They gathered for a "Vigil on Behalf of Missing and Murdered Indigenous Women," held in front of the university's Payne Family Native American Center. Native women face a far higher risk of violence than their non-native counterparts.

This grim trend has gone on for decades, said one of the speakers, Mary Jane Charlo, before the vigil.

“These kinds of things have been happening even when I was a small child, but for some reason they were never reported,” said Charlo, a member of the Confederated Salish and Kootenai Tribes’ Selis-Qlispe Culture Committee. “There’s a lot more awareness of it today, but now we just need legislation” on the issue.

Awareness of kidnappings and murders in Indian Country — and the need for policies to stem them — has grown in recent years. The disappearance of Ashley HeavyRunner Loring from the Blackfeet Reservation was among those shared at a Senate Committee on Indian Affairs hearing in December.

Saturday’s event aimed to continue that trend and channel that awareness into action.
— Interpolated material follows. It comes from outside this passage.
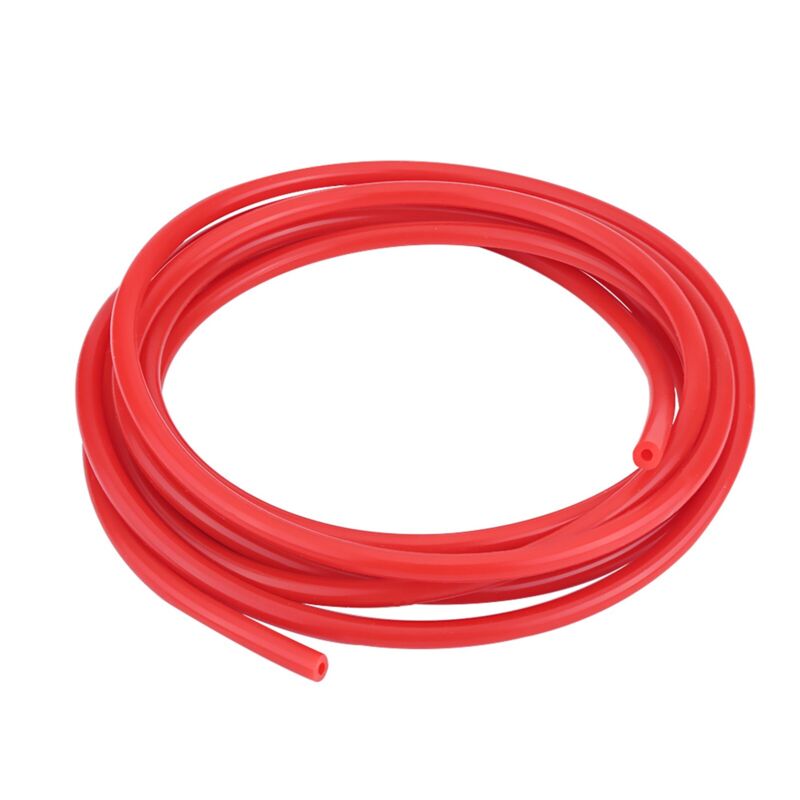 Automobil-vakuumschlauch 4 Mm, Silikon-vakuumschlauch 4 Mm, 5 Meter Hochdichter Silikongummi Für Luftdruckmesser, Turbopumpe (rot).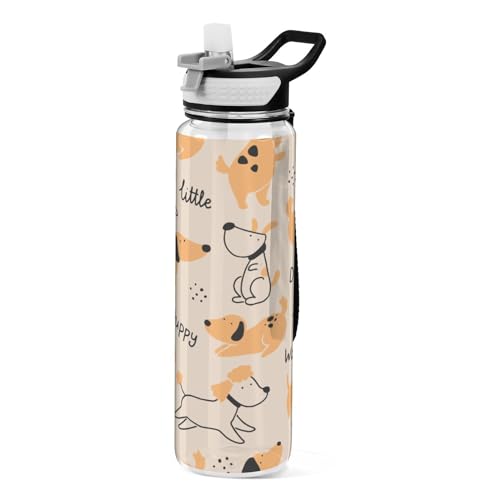 Sport-Trinkflaschen mit Strohhalmkappe, BPA-freie Tritan-Kunststoff-Trinkflasche mit Strohhalm von Mnsruu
The event facilitator, Lauren Small Rodriguez of the Northern Cheyenne tribe, explained in an email that “a group of Native women united to bring attention to this issue because it affects our families and we need our voices to be heard.”

The vigil, she noted, was the first completely Native American-led event in Montana. The event was sponsored by the Native American Law Students Association and supported by the Confederated Salish and Kootenai Tribes and several student groups and nonprofits (while it took place on the same day as this year’s Women’s March, it is not affiliated with that movement).
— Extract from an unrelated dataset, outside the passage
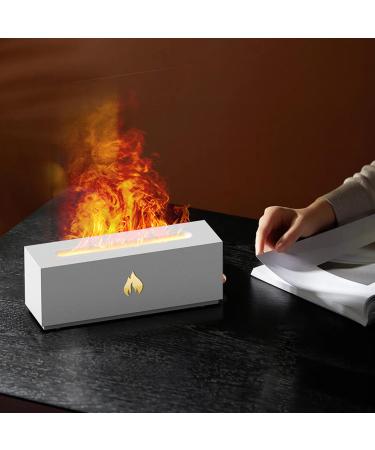 Aroma diffuser 3D fireplace optics room fragrance large spray diffuser with fragrance reinforcement function air diffuser selection of several modes for children at home white/opulent garden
At the outset of the rally, as Theda New Breast held up a poster board with dozens of missing and murdered Native Americans, Small Rodriguez told the audience “it is not only a moment of awareness. This is an (educational) moment. This is a moment where everyone will hear all of these stories, will hear policy, and it is up to you with what you choose to do to help stop this crisis.”

The guests rounded the oval in silence, holding candles. Then, they stood in the drizzle for hours as family members of Loring and other women from throughout Montana recalled long, agonized searches, and police departments that showed little interest in their plight. They also discussed the need for greater resources, data and protocols for handling missing-persons cases in Indian Country.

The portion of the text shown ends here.